Google commissioned a survey of 2,000 adults – and one in ten said they could accurately guess a colleague’s password. Probably because the most popular passwords are, according to the research, easy guesses.
Wedding anniversaries, birthdays and kids’ names were all top choices for passwords, while football teams and the word ‘password’ also appeared a fair few times. Indeed – ‘password’ was tenth most popular.
Shockingly, half of web users surveyed admitted to sharing their passwords with other people. Women, the survey found, were more likely than men to share their password, and twice as likely to share it with their children.
But the most chosen password was the name of a pet.

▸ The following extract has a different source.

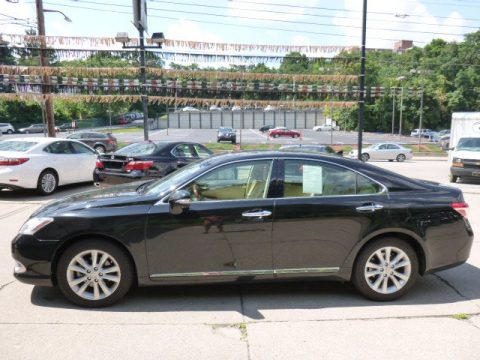 Obsidian Black Lexus ES 350.  Click to enlarge.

Favourite holidays or place of birth were also frequently chosen – the kind of passwords that would also be answers to security questions.
Given that it is often social engineering tricks or the simple human gaffe that leads to compromised security, this is a security nightmare.
“People often leave their information open to online security breaches without even realising it,” director of security for Google Apps, Eran Feigenbaum, told the Telegraph. “Lax attitudes to online security can lead to serious consequences
if strangers access your information.”
Speaking with ChannelEye, security expert Graham Cluley said it’d sadly be no surprise if the research was accurate.
“It never ceases to amaze me how – despite all the high profile hacks and data breaches – people still haven’t learnt the most basic lesson about passwords,” Cluley said. “Of if they have, they’ve decided to ignore it because it’s ‘too difficult’ to remember tricky passwords, let alone different passwords for different websites”.
As with other calls from the UK’s security pundits, companies, consumer action groups, and Cluley himself, he said it’s easy to imagine the positive impact of a public education campaign.
It could explain that “password management software exists, often for free, which will remember all your passwords for you, and generate new, complex passwords so you don’t end up using ‘Tiddles’ over and over again,” Cluley said.